Chat perché

Dans l‘immeuble familial habitent deux locataires, respectivement au quatrième et troisième étage. Ma mère est au deuxième, moi au premier, et le rez-de-chaussée est occupé par un marchand de primeur. Au deuxième donc : ma mère. Elle et sa passion pour les chats ! Toujours à les appeler, les caresser, les choyer chaque fois qu’elle en a l’occasion.

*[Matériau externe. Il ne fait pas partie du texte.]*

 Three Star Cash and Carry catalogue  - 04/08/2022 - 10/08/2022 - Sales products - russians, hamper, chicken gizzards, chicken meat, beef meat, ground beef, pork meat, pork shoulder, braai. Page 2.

… Au fil des années, son appartement est devenu le refuge de tous les félins du quartier. Il suffit que l’un d’eux miaule au balcon pour que ma Juliette de mère vienne discuter avec son Roméo à poil.
Maman aime les chats au-delà de tout. Je n’ai pas moi-même d’amour particulier pour ces animaux, mais je trouve leur compagnie agréable, simplement. Disons que je les accepte et qu’ils me tolèrent.
Depuis quelques temps, ces animaux ont une drôle de manie. Elle consiste à grimper sur mon balcon en se hissant sur l’auvent de la boutique, puis à miauler de toute leur force pour attirer maman. Elle fait alors descendre un panier garni de nourriture en tout genre, croquettes, boulettes, déchets carnés.... Les chats entreprennent ensuite leur festin sur mon balcon, devant ma fenêtre à double vitrage, et je n’ai plus qu’à ramasser les détritus qu’ils laissaient derrière eux.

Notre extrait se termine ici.